WORK ITEM: The records underneath are to be printed in full and exactly, with no pictures carried over.
◆ ◆ ◆ ◆ ◆
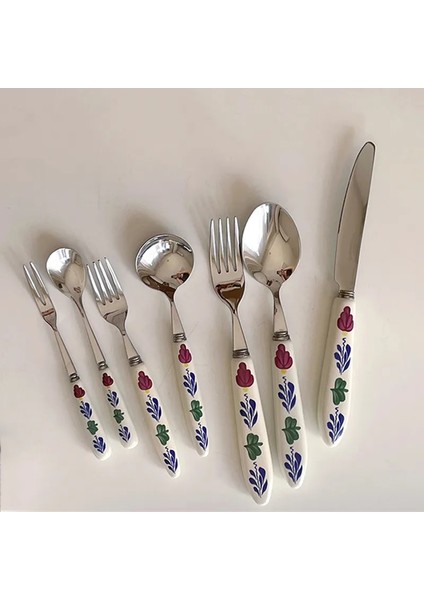 Tatlı Çatalı 16.5 Retro Çiçek Seramik Kolu Paslanmaz Çelik Bıçak Çatal Kaşık Yemek Takımı Tatlı Kaşığı Çatal Kahve Kaşığı Mutfak Sofra (Yurt Dışından) fiyatları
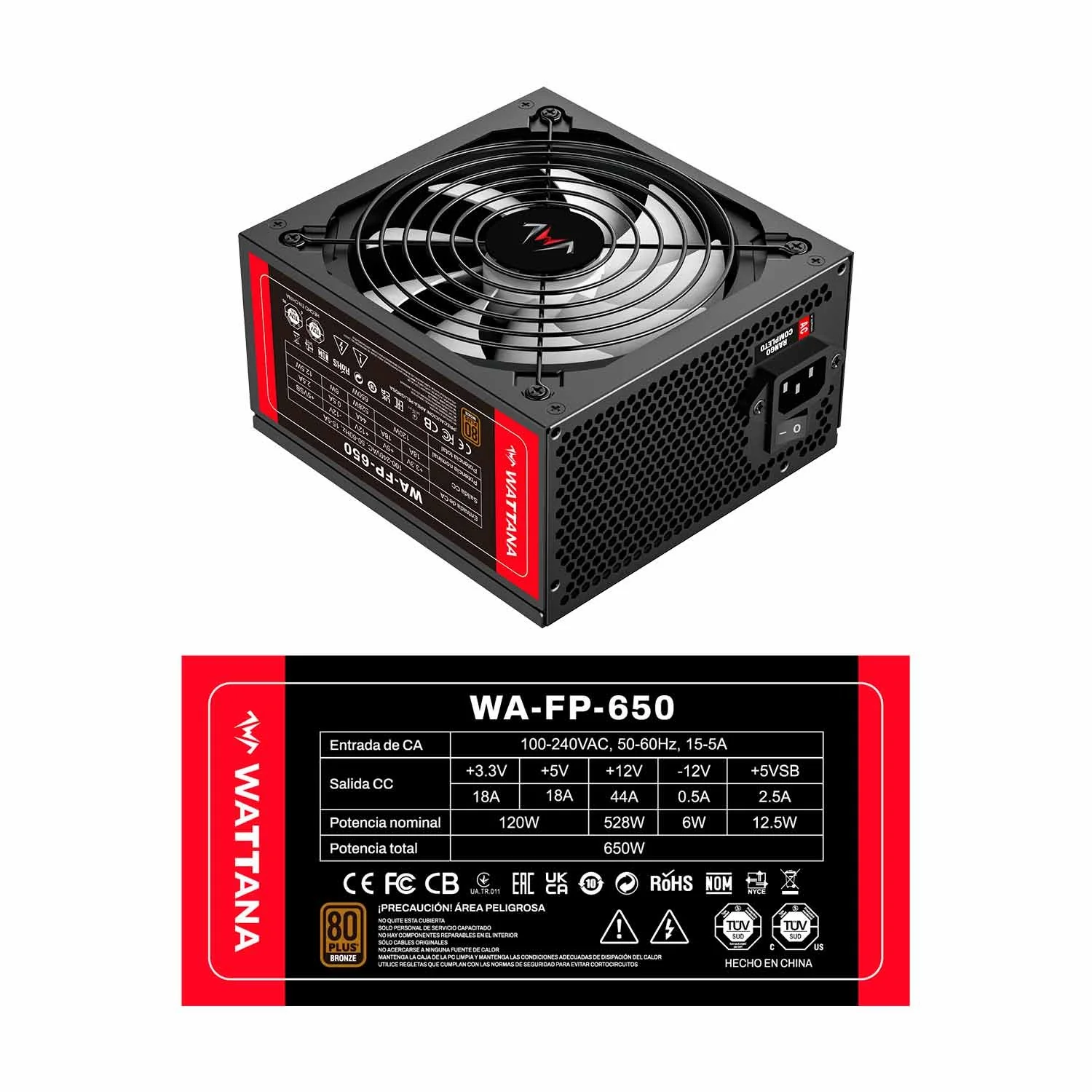 FuenteWattana650Bronce FUENTE WATTANA WA-FP-650 650W 80 PLUS BRONZE - Imagen 1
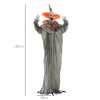 HOMCOM 183cm Orange Classic Clown Outdoor Halloween Decoration, Halloween Animatronic with Sound Activated, Light Up Eyes, Sound Effects, Animated Prop for Haunted House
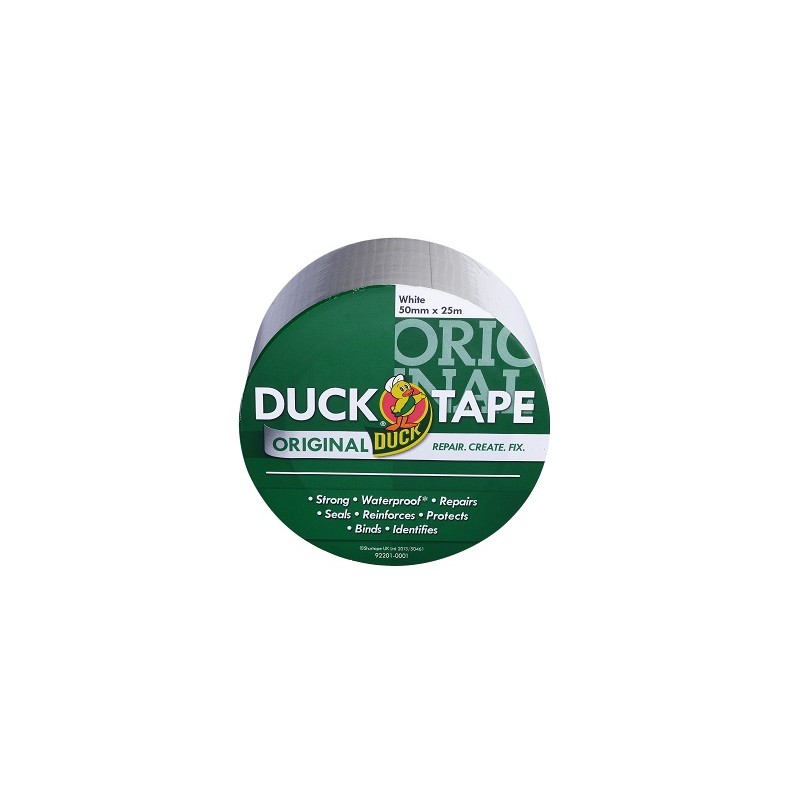 1 pcs - DUCK TAPE Duck Tape 232335 Duct Tape, 25m x 50mm, White, Gloss Finish
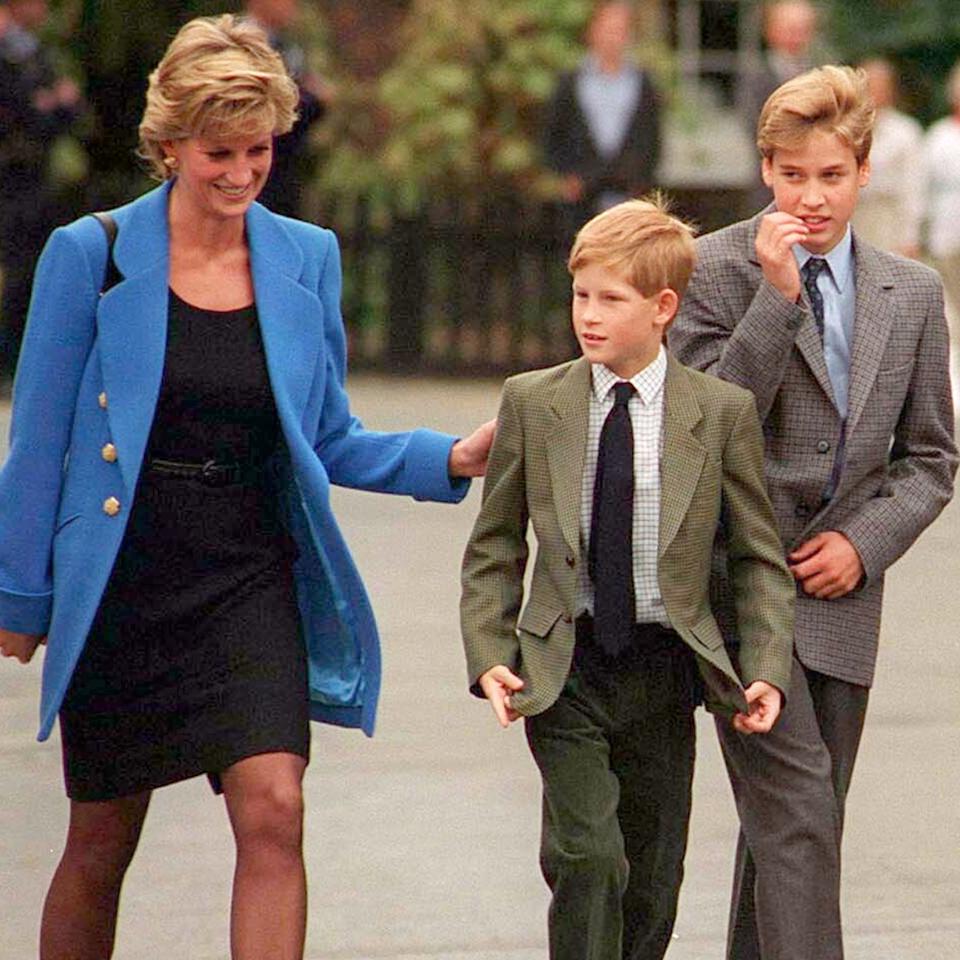 Princess Diana, Prince Harry and Prince William walking together.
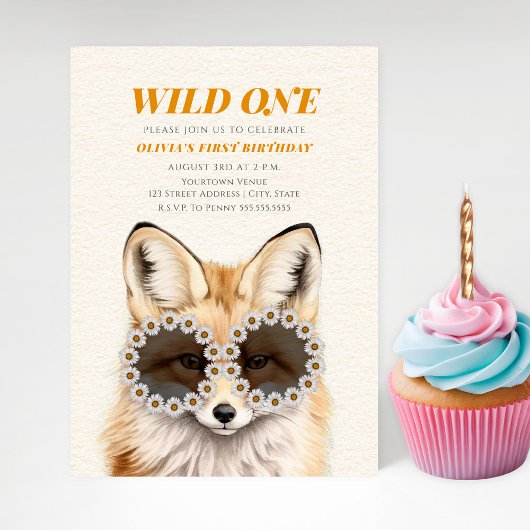 Wild One Wildflower Zonnebril Fox Verjaardagsfeest Kaart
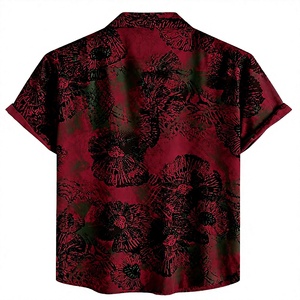 เสื้อเชิ้ตแขนสั้นผู้ชายสีเบอร์กันดี/สีดำ พิมพ์ลายตามสั่ง ปกคอปก ระบายอากาศได้ดี เป็นมิตรกับสิ่งแวดล้อม สำหรับฤดูใบไม้ผลิ บริการ OEM - Product Image 4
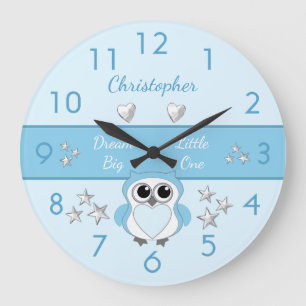 Cute owl blue with stars and a name large clock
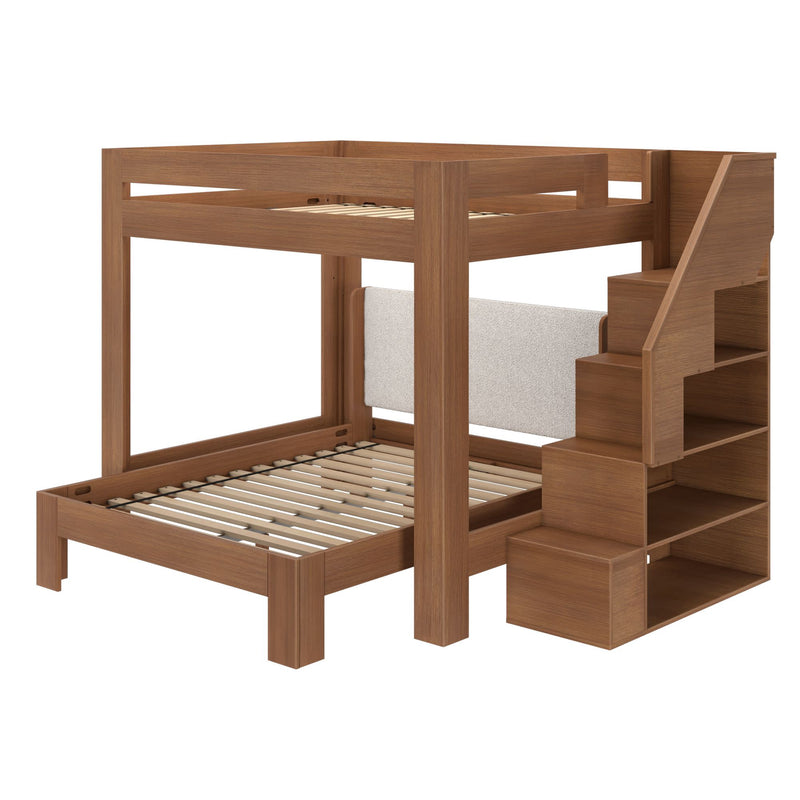 Brown wooden bunk bed with stairs and built-in shelving, space-saving bedroom furniture with slatted mattress supports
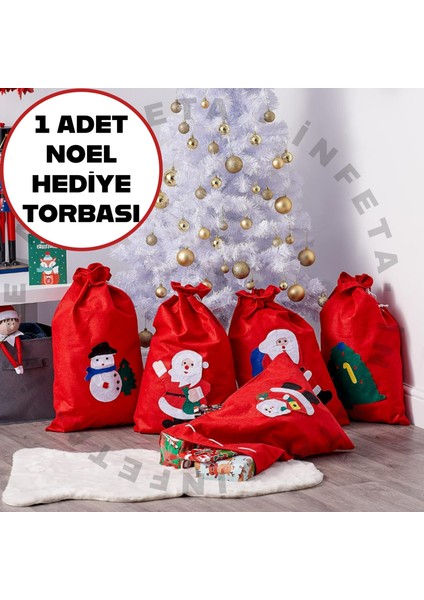 1 Adet Yılbaşı Hediye Dagıtma Çuvalı Kardan Adamlı Dekoratif Noel Baba Hediye Torbası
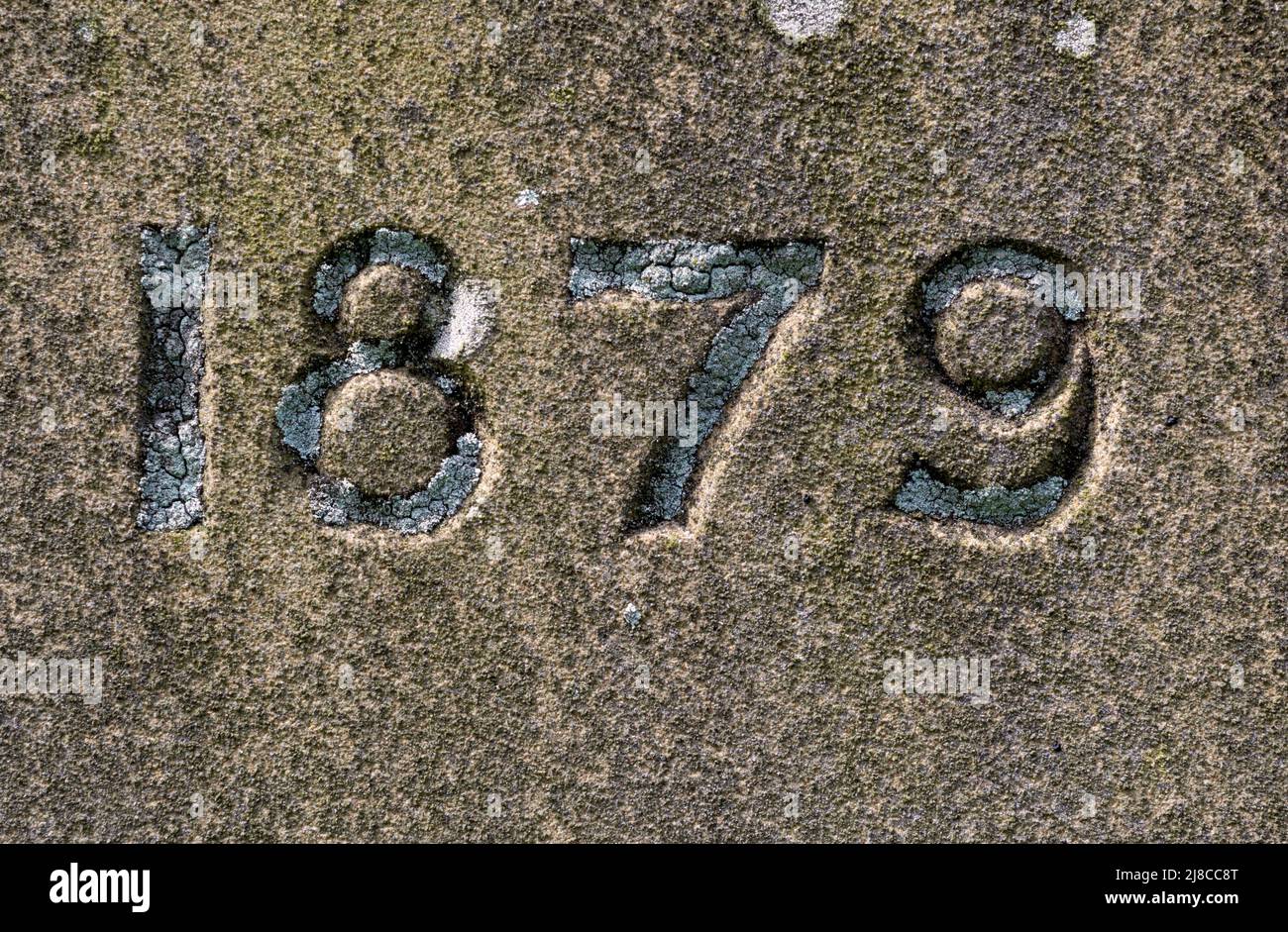 1879 Datum auf einem Grabstein Stockfoto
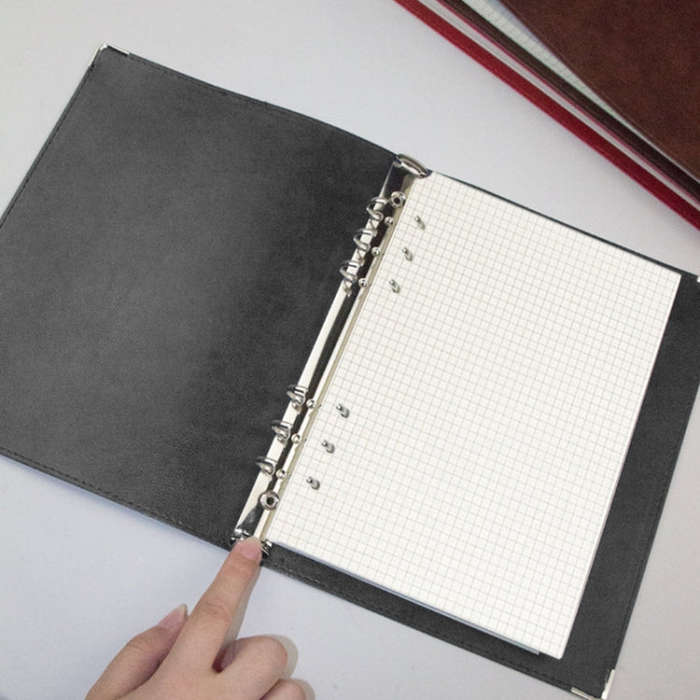 A5 Faux Leather Loose-leaf Grid Notebook, Checkered Core, Blank Inner Core, Cornell Horizontal Wi...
◆ ◆ ◆ ◆ ◆
SOLUTION:
 Tatlı Çatalı 16.5 Retro Çiçek Seramik Kolu Paslanmaz Çelik Bıçak Çatal Kaşık Yemek Takımı Tatlı Kaşığı Çatal Kahve Kaşığı Mutfak Sofra (Yurt Dışından) fiyatları
 FuenteWattana650Bronce FUENTE WATTANA WA-FP-650 650W 80 PLUS BRONZE - Imagen 1
 HOMCOM 183cm Orange Classic Clown Outdoor Halloween Decoration, Halloween Animatronic with Sound Activated, Light Up Eyes, Sound Effects, Animated Prop for Haunted House
 1 pcs - DUCK TAPE Duck Tape 232335 Duct Tape, 25m x 50mm, White, Gloss Finish
 Princess Diana, Prince Harry and Prince William walking together.
 Wild One Wildflower Zonnebril Fox Verjaardagsfeest Kaart
 เสื้อเชิ้ตแขนสั้นผู้ชายสีเบอร์กันดี/สีดำ พิมพ์ลายตามสั่ง ปกคอปก ระบายอากาศได้ดี เป็นมิตรกับสิ่งแวดล้อม สำหรับฤดูใบไม้ผลิ บริการ OEM - Product Image 4
 Cute owl blue with stars and a name large clock
 Brown wooden bunk bed with stairs and built-in shelving, space-saving bedroom furniture with slatted mattress supports
 1 Adet Yılbaşı Hediye Dagıtma Çuvalı Kardan Adamlı Dekoratif Noel Baba Hediye Torbası
 1879 Datum auf einem Grabstein Stockfoto
 A5 Faux Leather Loose-leaf Grid Notebook, Checkered Core, Blank Inner Core, Cornell Horizontal Wi...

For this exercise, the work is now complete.